» Exercise directions: Your answer should hold only the lines from the one with "Humorous Giant Cat Loafing on Fourth Plinth" through the end of the records, repeated exactly and minus any pictures.

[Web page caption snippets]
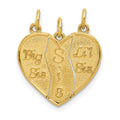 10k 3 piece Break-apart Big Sis, Sis & Lil Sis Charm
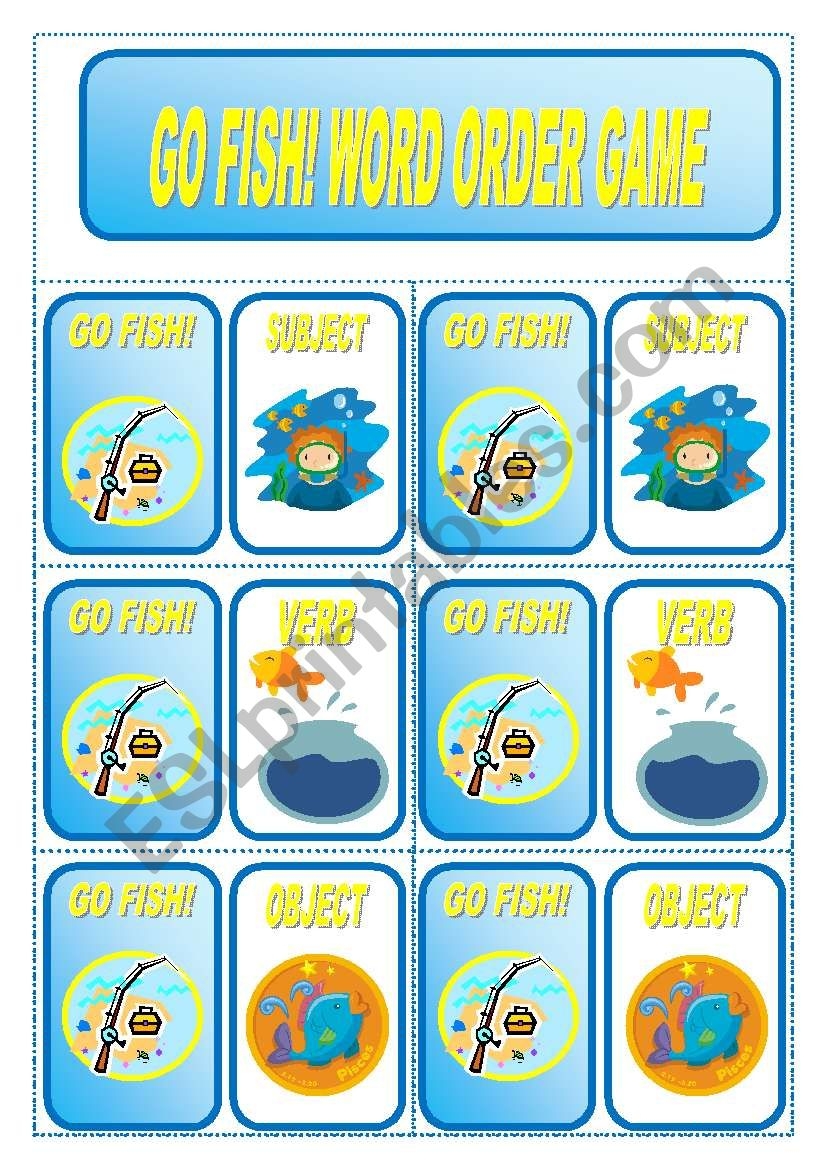 GO FISH Word Order Card Game 3 Pages ESL Worksheet By Freddie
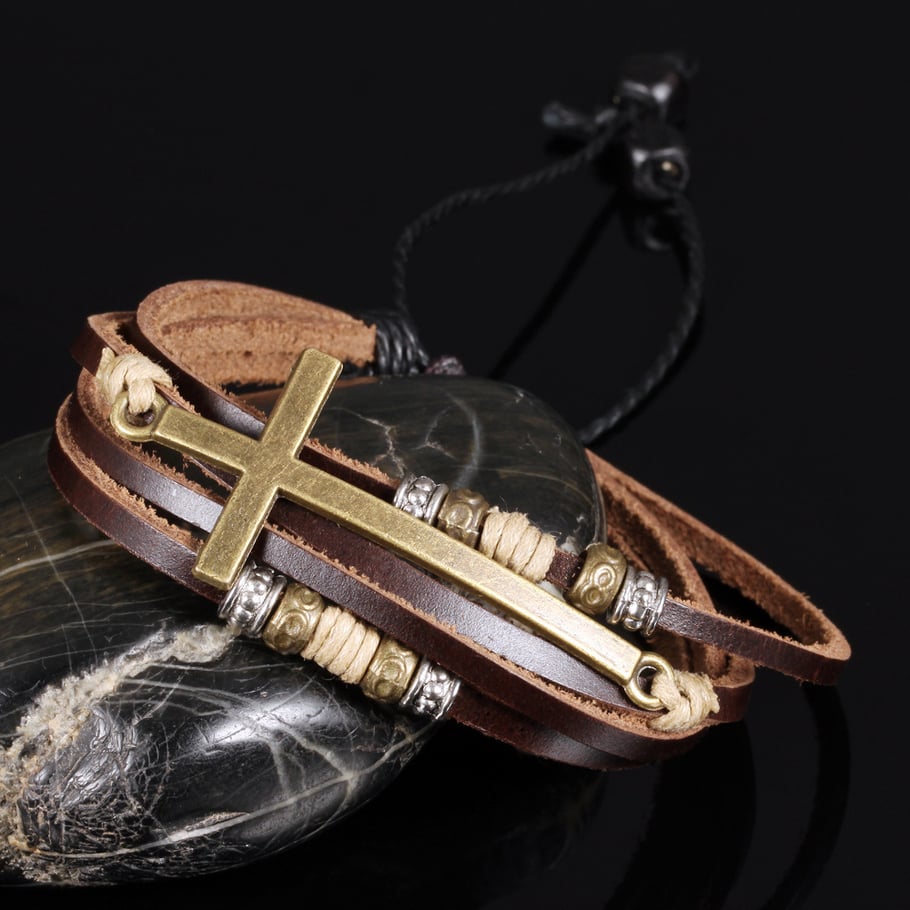 1 stuk vintage kruis leren herenarmbanden h5Afbeelding3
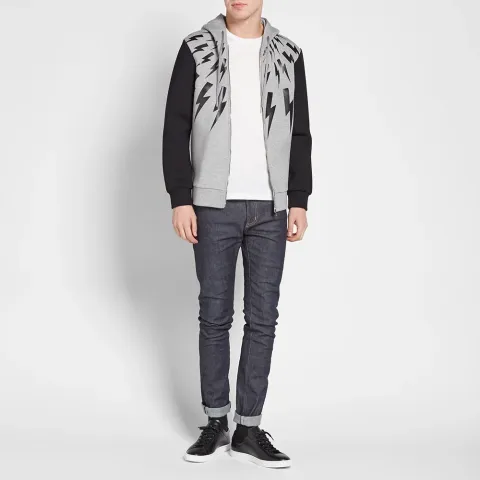 Fair Isle Bolt Print Contrast Hoody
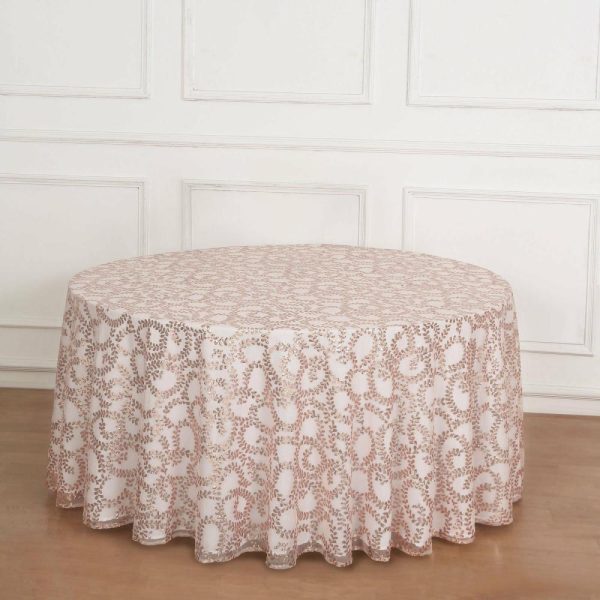 Sequin & Shimmer |  120″ Rose Gold Sequin Leaf Embroidered Seamless Tulle Round Tablecloth, Sheer Table Overlay for 5 Foot Table With Floor-Length Drop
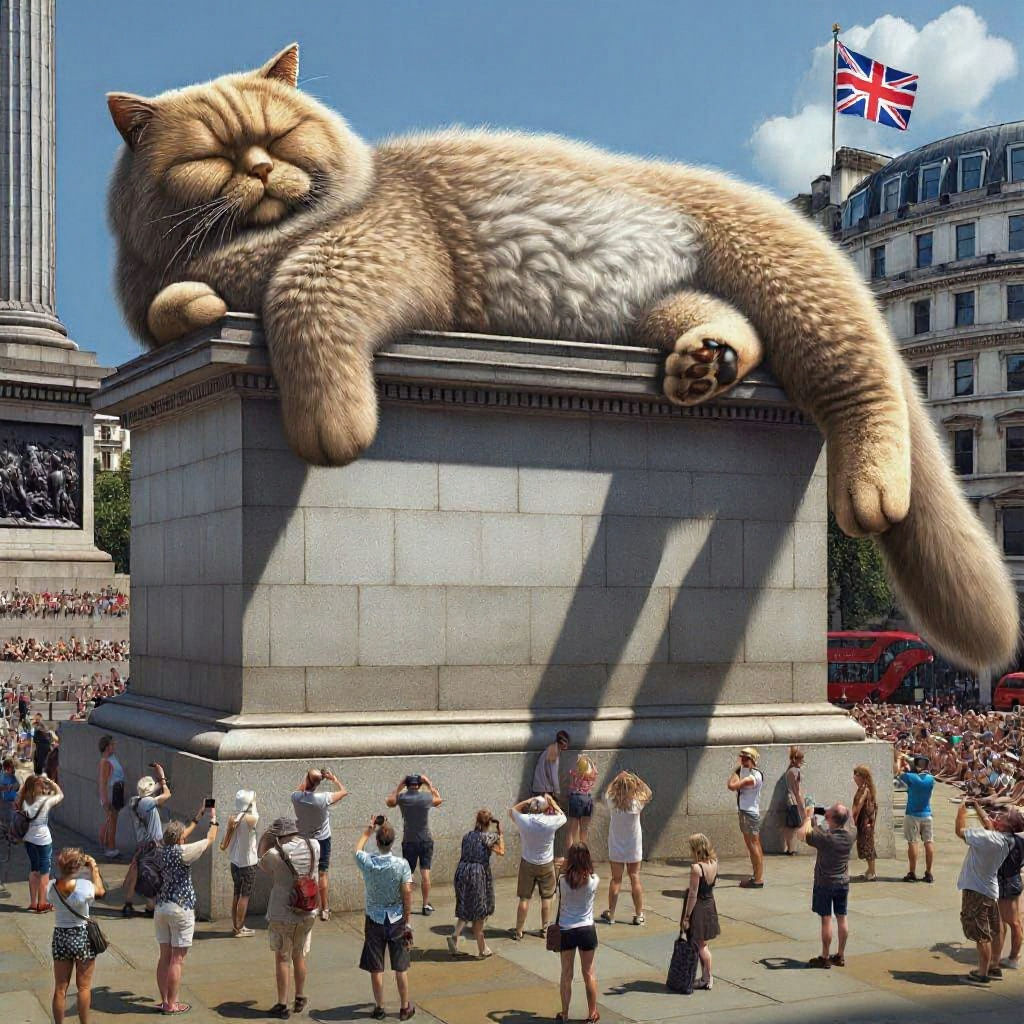 Humorous Giant Cat Loafing on Fourth Plinth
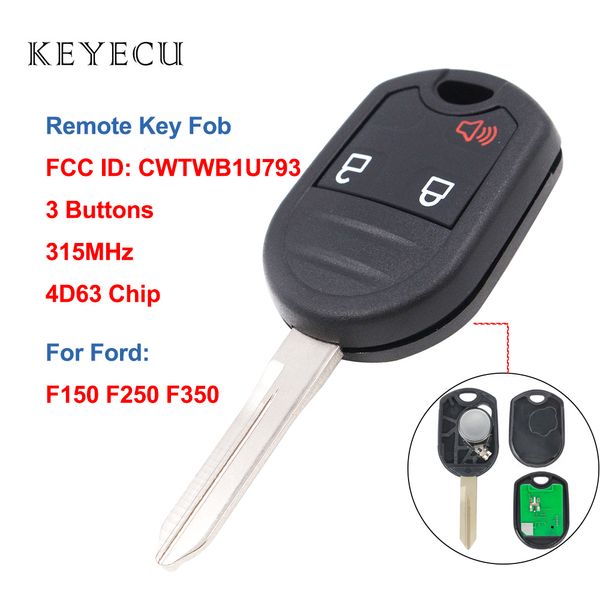 

keyecu 3 buttons remote key for f150 250 350 2004 2005 2006 2007-2010 fob 315mhz with 4d63 chip cwtwb1u793 keyless car key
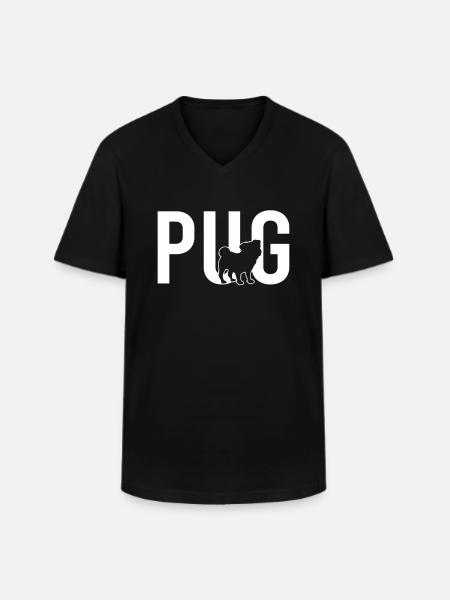Pug pug - Men's V-Neck T-Shirt - black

» Answer for the task:
 Humorous Giant Cat Loafing on Fourth Plinth

keyecu 3 buttons remote key for f150 250 350 2004 2005 2006 2007-2010 fob 315mhz with 4d63 chip cwtwb1u793 keyless car key
Pug pug - Men's V-Neck T-Shirt - black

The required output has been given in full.